Doch der Streit um das Wählervotum hat längst begonnen. Böller und Barrikaden gehören inzwischen zu meinem Alltag. Als Hochburg des Widerstands gegen den seit vielen Jahren amtierenden Präsidenten Evo Morales formierte sich rasch die Wirtschaftshauptstadt Santa Cruz. In La Paz und anderen Orten wird ebenfalls demonstriert. Viele Jugendliche bringen ihre Wut über einen angeblichen Wahlbetrug zum Ausdruck. Dabei kommt es auch zu Auseinandersetzungen zwischen Sicherheitskräften und Demonstranten. Dass die Polizei Tränengas einsetzt, trägt kaum zur Deeskalation der Situation bei. Meine Kollegen im Hochland haben sich derweil mit Nahrungsmitteln eingedeckt und Hamsterkäufe getätigt, um sich vor den Folgen des Generalstreiks zu schützen. Mir wird dringend angeraten, nach der Arbeit zu Hause zu bleiben und so fühle ich mich nach den ersten Tagen in La Paz, in denen ich Freunde traf und mich an dem kulturellen Angebot erfreute, in meiner Bewegungsfreiheit deutlich eingeschränkt.

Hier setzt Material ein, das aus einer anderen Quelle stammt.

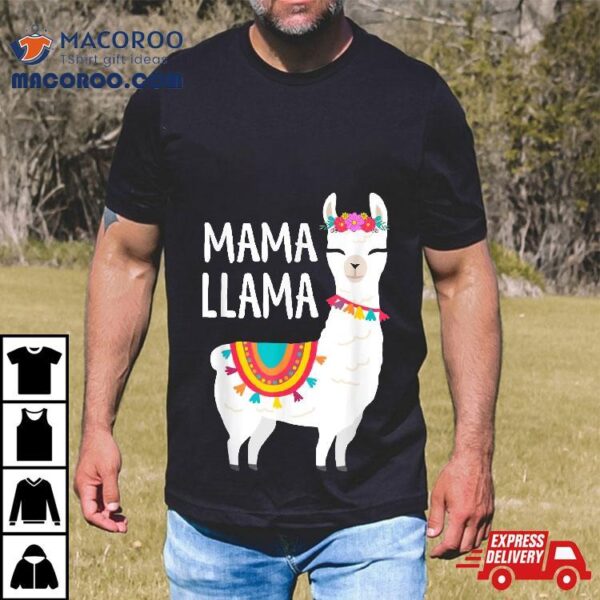 Mama Llama Funny Mother’s Day Shirt Mom Birthday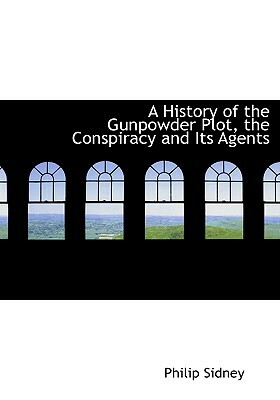 A History of the Gunpowder Plot, the Conspiracy and Its Agents by Sir Philip Sidney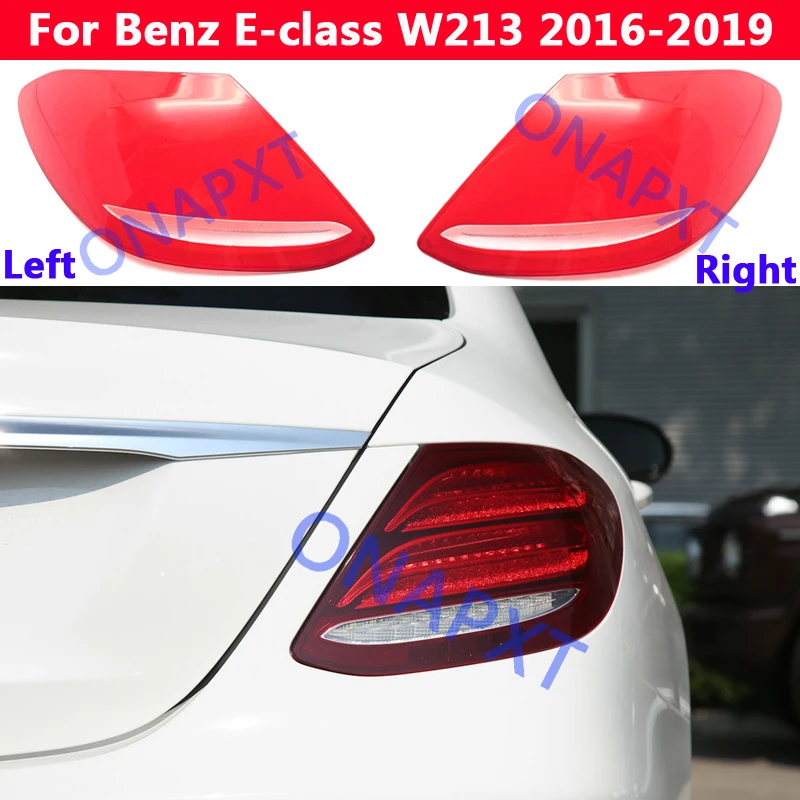 For Benz E W213 2016-2019 Rear Taillamp Cover Lamp Taillight Lampshade Tail Light Case Shade Shell Back Lens Cap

Viele Bolivianer fühlen sich zum zweiten Mal in Folge betrogen, denn immer wieder wird darauf verwiesen, dass die Kandidatur von Evo Morales nicht rechtmäßig war. 2018 entschied das Verfassungsgericht, dass das Ergebnis des Referendums 2016 gegen die Menschenrechte verstoße. Ein fragwürdiger Entscheid, zumal die Richter dem Präsidenten freundlich gesonnen waren. So argumentieren nicht nur das bürgerliche Lager um Kandidat Carlos Mesa, sondern auch jene, die darauf aufmerksam machen, dass der Wille der Bevölkerung der Souverän im Staate ist.

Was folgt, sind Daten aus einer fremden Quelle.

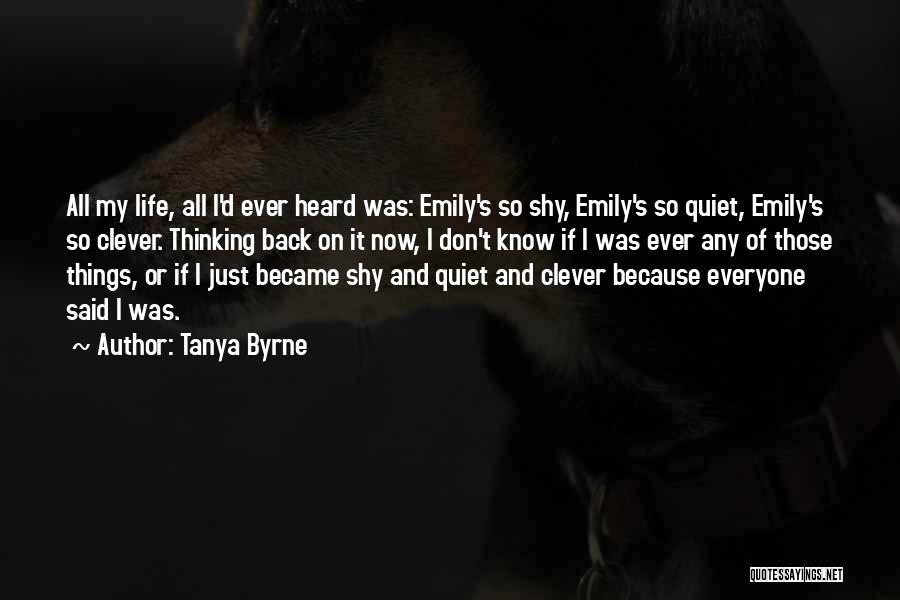 Tanya Byrne Quotes: All My Life, All I'd Ever Heard Was: Emily's So Shy, Emily's So Quiet, Emily's So Clever. Thinking Back On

Meine Anwesenheit als Friedensfachkraft in diesem Augenblick erscheint einerseits gerechtfertigt, weil die Wahl ein Thema ist, das die Gesellschaft polarisiert und andereseits überkommt mich ein Gefühl der Ohnmacht angesichts der zerbrechlichen Demokratie und der komplexen Situation, die mich umgibt. So bleiben mir in den ersten Tagen vor allem der ständige Austausch mit meinen bolivianischen Kollegen und die Analyse von möglichen Optionen, die sich dem Land derzeit stellen. Auch durch die Vernetzung mit anderen Fachkräften und Freiwilligen von Eirene gelingt es, Spielräume zu erkennen und ein Gefühl von Sicherheit herzustellen. Externe Wahlbeobachter zeigen sich besorgt über die überraschende Trendwende bei veröffentlichten Teilergebnissen und empfehlen eine zweite Runde. Auch die katholische Kirche ist besorgt über die merkwürdige Stimmenauszählung und die gewaltsamen Proteste. Dennoch ist es eher unwahrscheinlich, dass die Partei von Evo Morales die bolvianische Bischofskonferez als Vermittler in dem Konflikt akzeptiert und auf ihren Rat hört. Zu groß ist der Graben zwischen MAS (movimiento al socialismo) und der katholischen Kirche.
Steht meine Tätigkeit als Friedensfachkraft in einer katholischen Stiftung also unter keinem guten Stern, oder werden meine Geduld und Ausdauer, welche man bei der Suche nach Frieden braucht, damit einfach nur auf die Probe gestellt? Diese Frage treibt mich derzeit um.
Von Esther Henning
Esther Henning unterstützt und berät als Friedensfachkraft des Internationalen Christlichen Friedensdienstes Eirene die Partnerorganisation FOCAPACI in El Alto, Bolivien. FOCAPACI gestaltet partizipative Dialogprozesse mit gesellschaftlichen Gruppen, um die Gewalt zwischen ihnen zu überwinden und gerechte Verhältnisse zu schaffen.